亡父 柘恭一郎 について
父柘恭一郎が平成22年11月2日の午前9時18分にこの世を去りました。
その時間、我々兄弟5人と母、それにかかりつけ女医さんがいました。全員が見守る中静かに息を引き取りました。亨年99歳。明治44年2月生まれ。
明治、大正、昭和そして平成と生き抜いた「職方商人」として生き抜いた人生だったと思います。
13歳の時に両親を亡くし、すぐに象牙パイプ職人として丁稚奉公に出て、その後はパイプ一筋の現場を歩いてきました。父は、象牙パイプ(シガレットホルダー)からブライヤーパイプまでたばこを喫煙する道具奈良何でも作ってきました。我々や職人達には「職方商人」の精神を残して行ってくれたと思います。
父とのエピソード
1970年代のパイプブームの真っ最中に、父とイタリアのリボルノにブライヤー原材料の買い付けに行った時のこと。当時キング・オフ・ブライヤーと呼ばれていたドイツ系イタリア人オットーブライウン氏とブライヤーエボーションの買い付けの商談をしました。1960年代70年代イタリアのあまたいる材料屋の中では断トツの在庫量を持っており、安い値段で大量に買うにはこの会社しかなかった。オーットー氏には2人の息子がいて、彼らもいての商談の場だった。こちらは私と父に母の3名でした。当時は柘製作所は工場を千住から浅草に移し、イタリアから最新式のパイプ製作機械類がセットで入ってきた時で、国内はもとよりベトナム輸出やアメリカ兵のお土産用パイプ等大量にパイプを作っていた時代だった。当然ブライヤー原材料の買い付け数量も増えてきたので、新しいブライヤー材料取引先を探していました。
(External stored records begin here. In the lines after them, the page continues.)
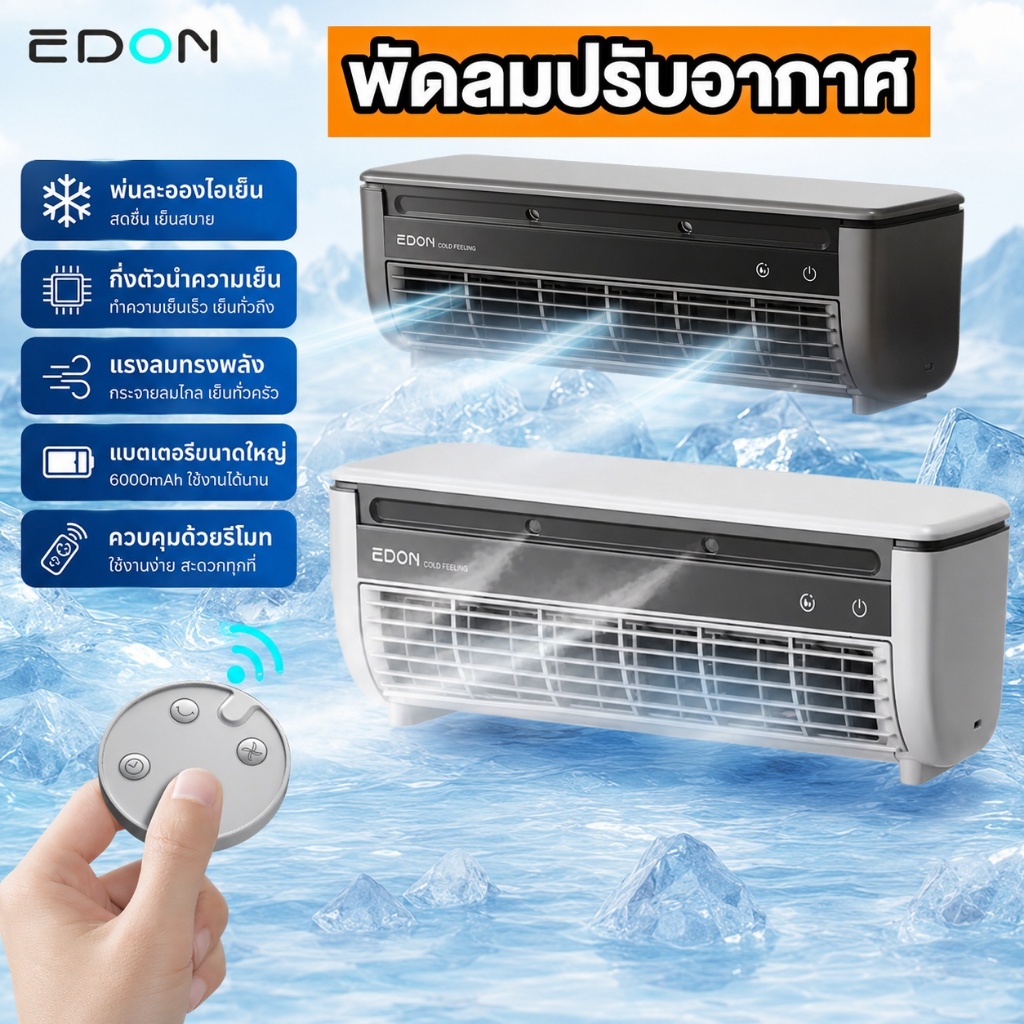 EDON E868 พัดลมระบายความร้อนด้วยอากาศแบบติดผนัง20วพลังงาน30สระบายความร้อนอย่างรวดเร็วติดตั้งง่ายและส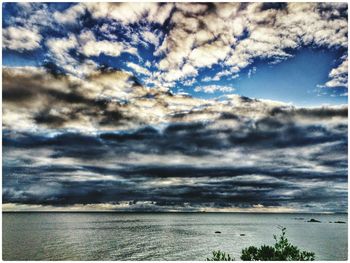 Scenic view of sea against cloudy sky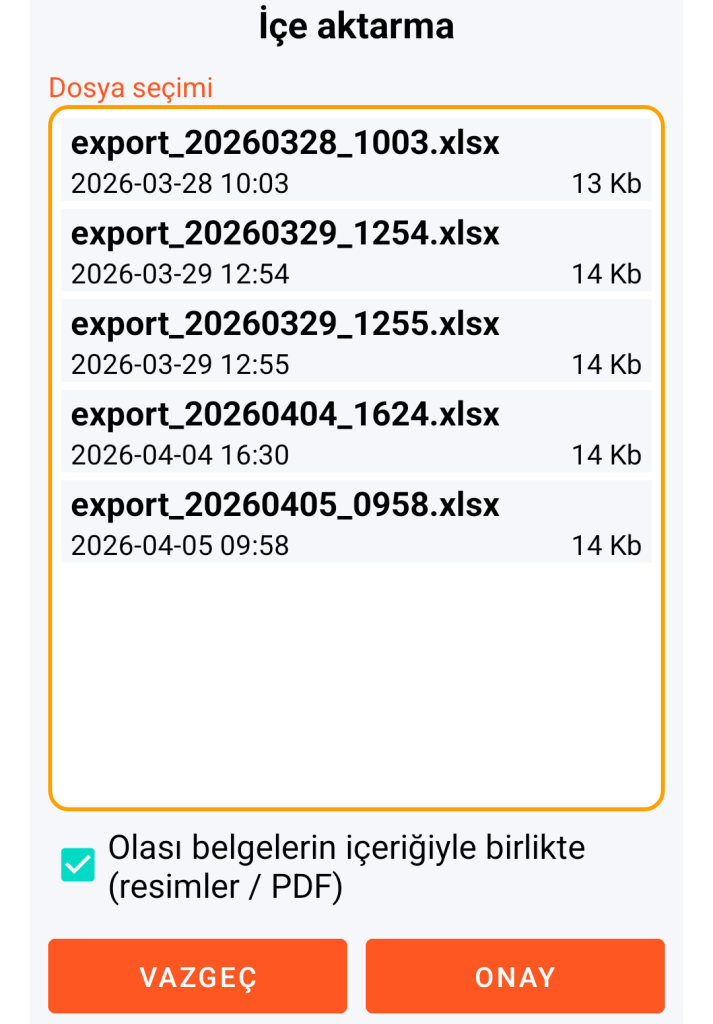 LocalSafeBox - İçe aktarılacak XLSX dosyası yönetimi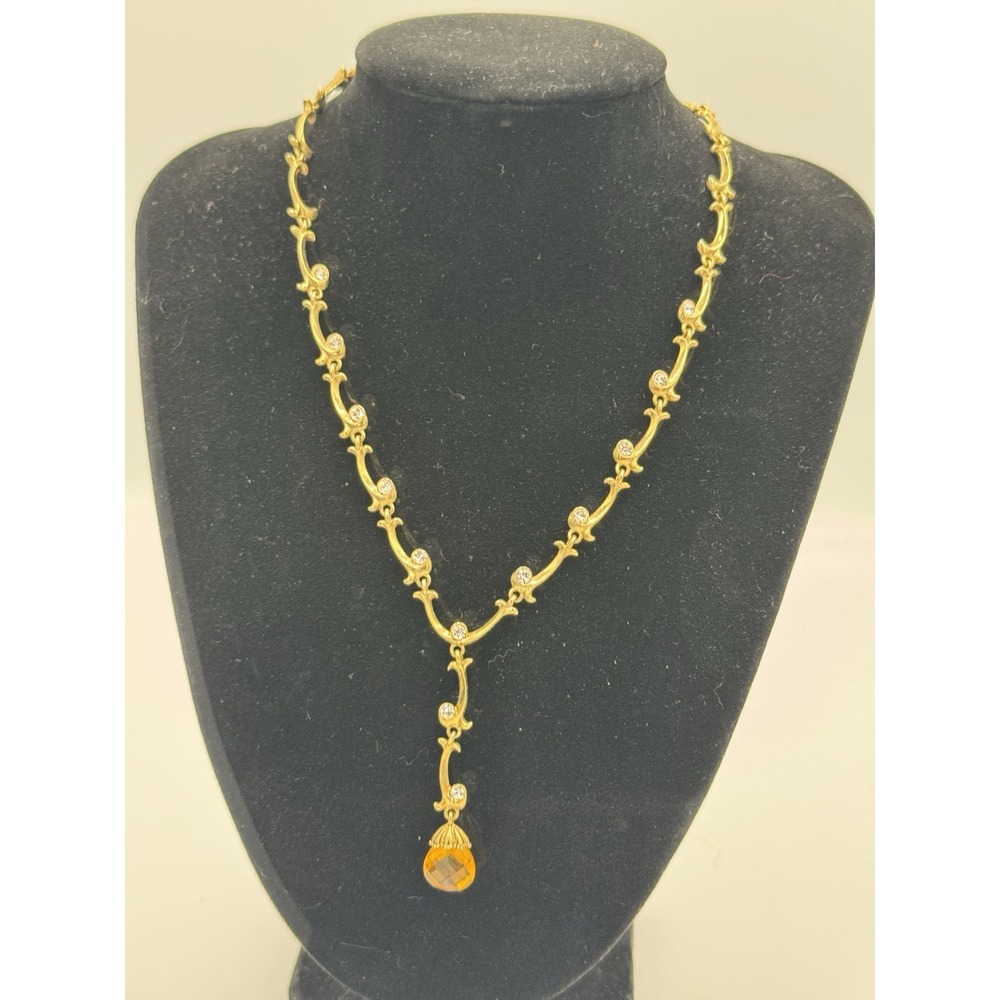 Vintage Avon Briolette Vine Gem Rhinestone Necklace, Goldtone‎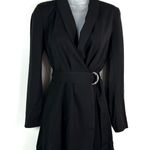 H&M Black Blazer Style Belted Waist Long Sleeve Romper Jumpsuit Size 2 Business Photo 0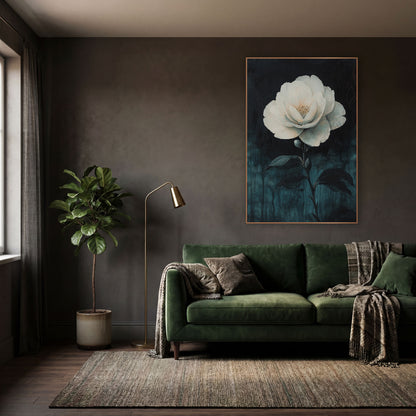 Pale Camellia Bud Drips Gothic wall art in a moody dark academia room – large white camellia flower with golden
彼らと商談が始まり、しばらくすると父が大きな声で「恭三郎!話にならない、帰るぞ」言って席を立とうとしました。私も母も、もちろん彼らも驚き全員が僕の顔を見た。父に理由を聞くと「この会社はブライヤーを金儲けの道具としか考えていない、そんなところとは取引したくない、時間の無駄だ」ということで事務所を出ることにしました。
私は「商売だからいいじゃないですか、いい材料を大量に安く買えることができれば、それでいい、いくら人間的に我々とそりが合わなくても構わない」というようなことを父に言いました。しかし、納得してくれず、そこから引き揚げたことを覚えています。ホテルに帰ってから「商売のやり取りを聞いていると、腹が立ってきたんだ。ブライヤーに食わしてもらっている感謝の念が無い」というようなこと答えた覚えがある。30歳前の私は変わった頑固な親父だからしょうがない、と思うしかなかった。
ブライヤーの材料はイタリアの南端のレジョカラブリアやスペインのカタロニアから順調に入ってきているので、それほど切羽詰まった商談でもなかったので、私も商談が成立しなくてもいいと思っていました。父が絶対に買いたくないというのだからしょうがない。
1980年に入って、オットー氏の会社は潰れてしまいました。きっと、彼も当時会社の経営が思わしくなかったので、何としても売りたかったのだろう。その結果、商談にも齟齬をきたしたのだと思います。父はその経営のおもわしくない会社の内容を臭ぎ取ったのかもしれない。それにしても、ブライヤーに感謝していないとは明治生まれの職人らしい。
10月後半から11月中旬までは展示会、海外出張、全日本パイプスモーキング大会、多数の外国からのお客様等で時間が取れませんでした。やっとここでブログに書けることができました。